Well, as I can't come up with anything else, let's do it.
No, move it further away. Ok, it's perfect. Come on boys, hurry up!
But what are you doing with your clothes on?" "Coach, it's very cold. Even my Ballons d'Or are shrunk."
"Andrés, what are you doing with a ball?" "It's for covering me when I take my bathrope off."
"A ball! Pass it to me!" "Calm down! This ball is mine!"
"That's enough!
Oops. When I shout, I have the voice of a smurf.
Well... In order for you not to catch a cold, let's try out with the clothes on. Come on, boys.
Look at me!
Seduce me!
Give me the best of you!
Move a bit more!
What a disaster!
I've asked for the advice of someone who knows a lot about photo shoots, a star of the catwalks."

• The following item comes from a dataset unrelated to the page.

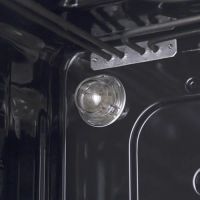 Лот: 16432752. Фото: 6. Электрическая плита Indesit IS5V4PHX...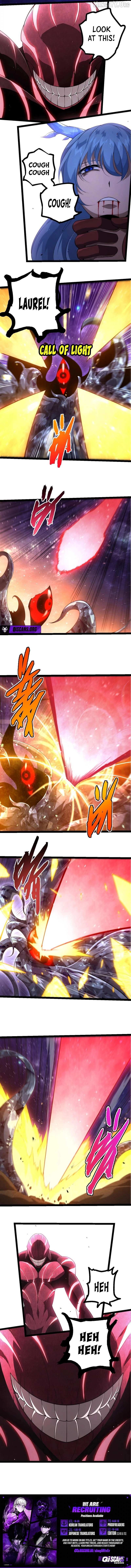 Read Evolution Begins With A Big Tree Manga Online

"Elsa Pataky!" "Larissa Riquelme!" "No...
This star."
"What's up, you cheap?
You'll never be as sexy as I am, but you can imitate me."
"Yes, do it exactly as he does. Come on.
The camera loves you!
Wet your lips! Very Well!
Come on!
A Greek profile! Very well.
Good!
Wow, it's perfect!
It's turned out pretty well, hasn't it?" "To hell with you, only our heads can be seen! "Well, we can fix it by removing you all with Photoshop, you sad."